2. For two similar right angled triangles of heights ##h_1## and ##h_2## and bases ##b_1## and ##b_2## : ##\quad\dfrac{h_2}{b_2}=\dfrac{h_2}{b_2}##

I copy and paste the problem as it appears in the text along with the diagram alongside. It is clear from the image that the base of the shadows don't move - only their tops would move either up or down. Let us assume the time ##t_1>t_2##, implying that candle 1 burns at a slower rate. How would things appear after a time of burning ##t## for both candles?

I draw my own diagram, showing the situation after a time ##t##. The rate at which the candles burn ##\small{r_i=\dfrac{h}{t_i}}##. The height of candle 1 after a time ##t## : ##\small{h_1 = h-r_1t=h-\dfrac{h}{t_1}t\Rightarrow h_1=h\left(1-\dfrac{t}{t_1}\right)\quad (1)}.## Likewise, ##\small{h_2= h\left(1-\dfrac{t}{t_2}\right)\quad (2)}.##

If the shadows have lengths ##s_1, s_2##, I have to find their velocities as the candles burn, i.e. ##\boxed{\dot{s_1}=?\;,\;\dot{s_2}=?}##.
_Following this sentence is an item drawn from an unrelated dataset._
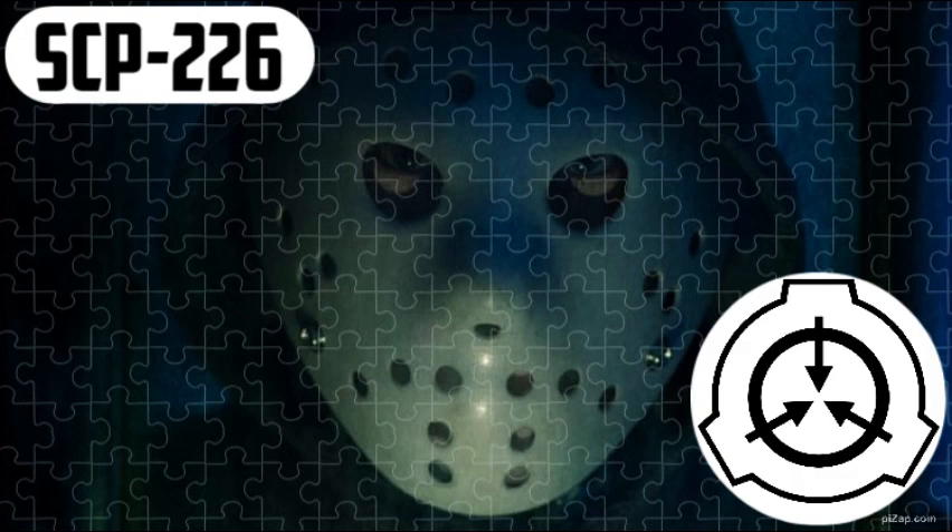SCP-226: Puzzle of Terror. Object Class: Safe. Special Containment Procedures: SCP-226 is to be kept in a locked cabinet within the Site Secure Item Storage Unit. Any person wishing to use SCP-226 must have approval from any personnel with at least level 3 security clearance.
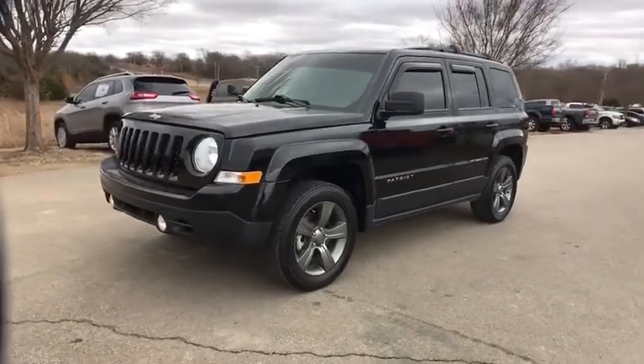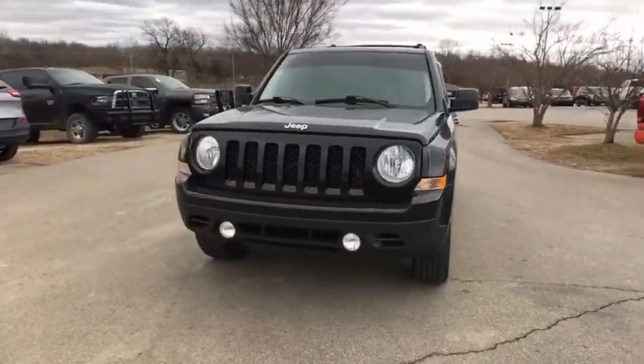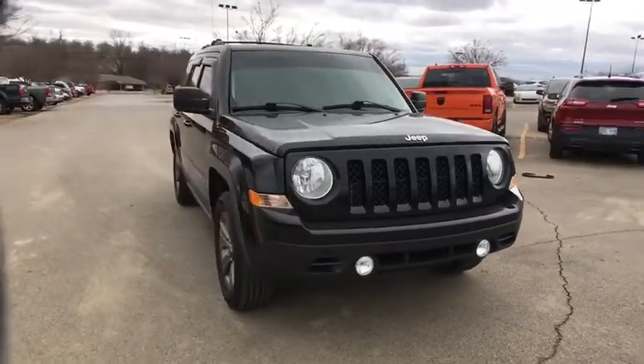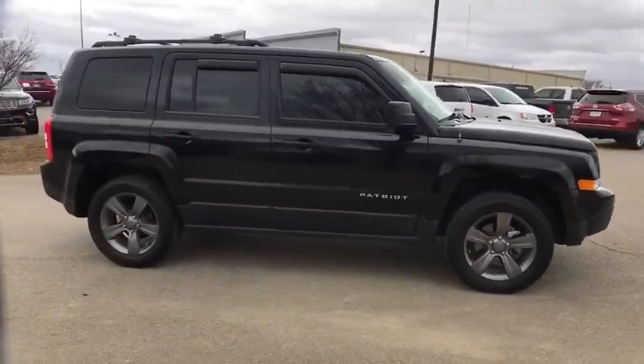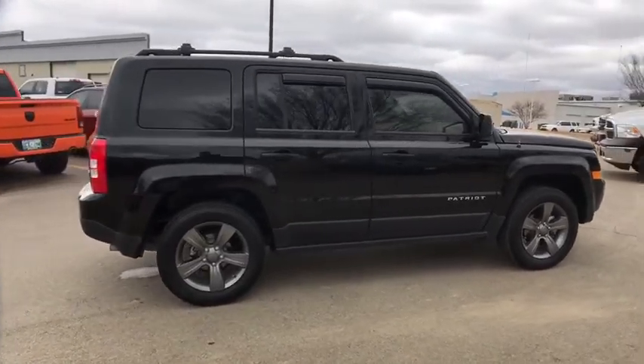The 2015 Jeep Patriot. The Jeep Patriot is unmistakably a Jeep. It looks like a cross between a Jeep Liberty and Jeep Compass, or maybe a three-quarter scale version of the big Jeep Commander.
In ##\triangle's## CDO and EFO, we have (by similarity) : ##\small{\dfrac{h_1-s_2}{2a}=\dfrac{h_2-s_2}{a}\Rightarrow h_1-s_2 = 2(h_2-s_2)\Rightarrow s_2=2h_2-h_1}=2h\left(1-\dfrac{t}{t_2}\right)-h\left(1-\dfrac{t}{t_1}\right)## upon using equations ##(1),(2)## above.

This simplifies to ##\small{s_2=h+h\left(\dfrac{1}{t_1}-\dfrac{2}{t_2}\right)t\Rightarrow \dot{s}_2=h\left(\dfrac{1}{t_1}-\dfrac{2}{t_2}\right)}\Rightarrow \boxed{\boldsymbol{\dot{s}_2=\dfrac{h}{t_1t_2}(t_2-2t_1)}}\quad (3)##

Since ##t_1>t_2,\; \dot{s}_2=\text{-ve}##.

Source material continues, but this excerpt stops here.